Return the full listing character for character, without its pictures.

## DATASET CONTENT:
:::

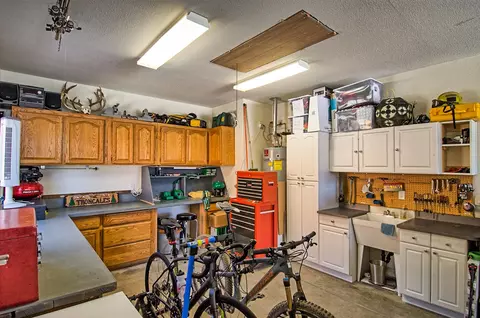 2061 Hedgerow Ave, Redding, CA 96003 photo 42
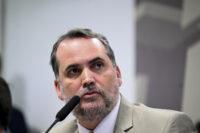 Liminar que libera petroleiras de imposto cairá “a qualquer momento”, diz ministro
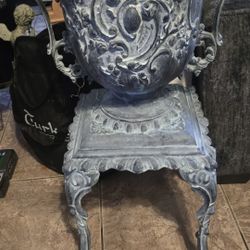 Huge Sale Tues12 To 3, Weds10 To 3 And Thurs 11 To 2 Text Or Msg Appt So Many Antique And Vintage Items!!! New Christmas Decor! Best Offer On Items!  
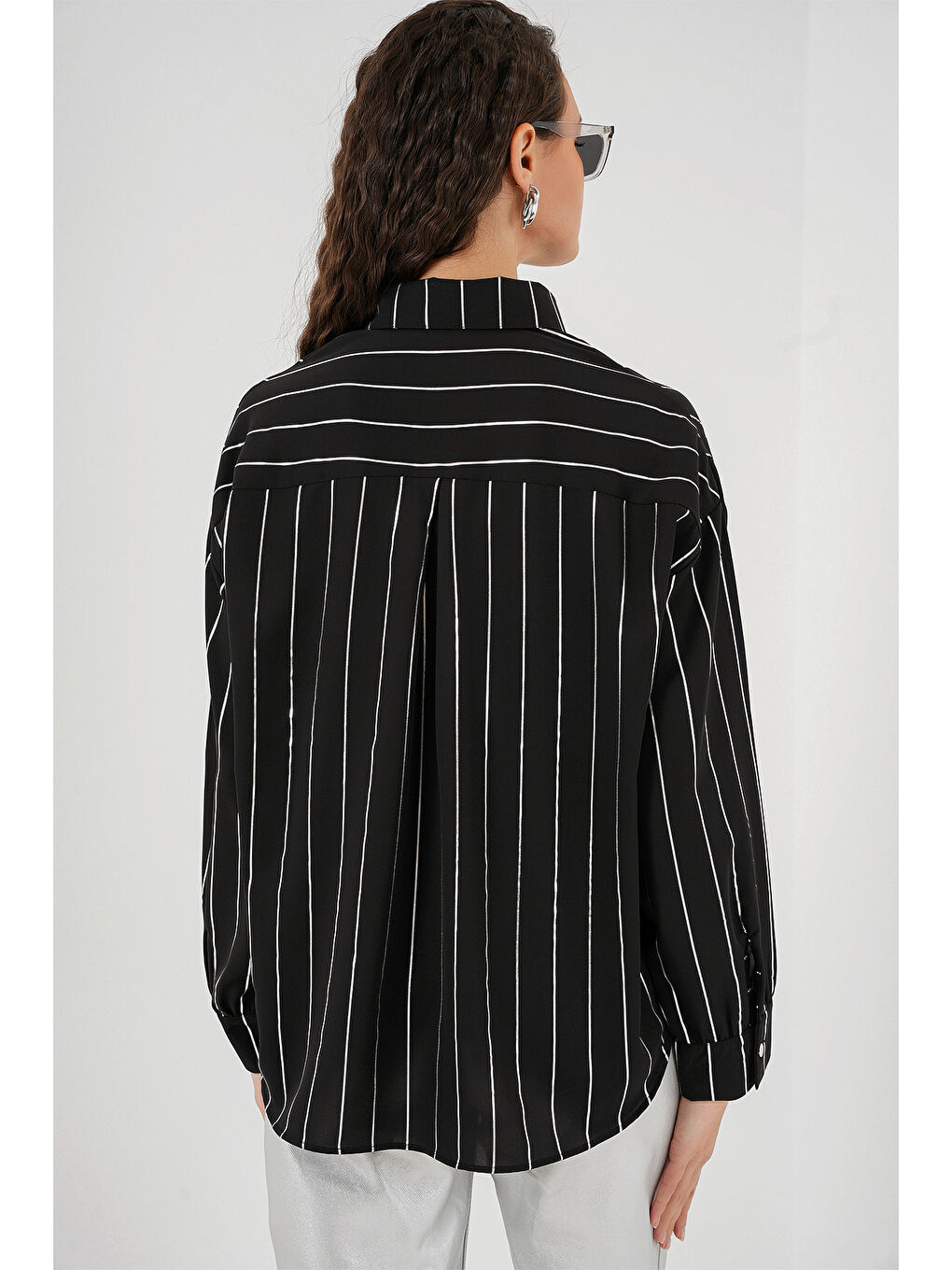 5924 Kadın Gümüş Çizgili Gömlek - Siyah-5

:::

## SOLUTION BELOW:
 2061 Hedgerow Ave, Redding, CA 96003 photo 42
 Liminar que libera petroleiras de imposto cairá “a qualquer momento”, diz ministro
 Huge Sale Tues12 To 3, Weds10 To 3 And Thurs 11 To 2 Text Or Msg Appt So Many Antique And Vintage Items!!! New Christmas Decor! Best Offer On Items!  
 5924 Kadın Gümüş Çizgili Gömlek - Siyah-5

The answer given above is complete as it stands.